Exercise instructions:
Note each line in the data below that holds "Street", and copy it.

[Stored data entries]
= Beginning of Section =

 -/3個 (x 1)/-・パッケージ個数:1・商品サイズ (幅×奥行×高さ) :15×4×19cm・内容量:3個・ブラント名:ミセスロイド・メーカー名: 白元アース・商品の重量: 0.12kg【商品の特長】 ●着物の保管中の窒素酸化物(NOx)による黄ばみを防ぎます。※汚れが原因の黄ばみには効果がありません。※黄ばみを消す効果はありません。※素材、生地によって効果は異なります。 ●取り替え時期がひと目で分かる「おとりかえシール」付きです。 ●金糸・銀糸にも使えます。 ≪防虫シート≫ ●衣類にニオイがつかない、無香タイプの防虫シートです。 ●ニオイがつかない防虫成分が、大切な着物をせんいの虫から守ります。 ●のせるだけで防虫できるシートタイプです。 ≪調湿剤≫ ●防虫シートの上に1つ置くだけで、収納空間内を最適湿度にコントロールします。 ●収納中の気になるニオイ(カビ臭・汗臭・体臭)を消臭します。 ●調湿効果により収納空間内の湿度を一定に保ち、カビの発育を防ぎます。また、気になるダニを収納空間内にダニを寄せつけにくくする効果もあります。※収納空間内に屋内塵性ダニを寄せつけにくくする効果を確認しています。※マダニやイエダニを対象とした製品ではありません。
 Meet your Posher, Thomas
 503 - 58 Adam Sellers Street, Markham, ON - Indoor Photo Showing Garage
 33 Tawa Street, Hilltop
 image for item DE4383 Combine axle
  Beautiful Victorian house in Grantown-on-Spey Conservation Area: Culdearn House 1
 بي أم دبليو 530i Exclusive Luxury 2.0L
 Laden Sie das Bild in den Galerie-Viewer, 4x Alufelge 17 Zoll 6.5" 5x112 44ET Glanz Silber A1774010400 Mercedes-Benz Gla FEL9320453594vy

= End of Section =

Completed task:
 503 - 58 Adam Sellers Street, Markham, ON - Indoor Photo Showing Garage
 33 Tawa Street, Hilltop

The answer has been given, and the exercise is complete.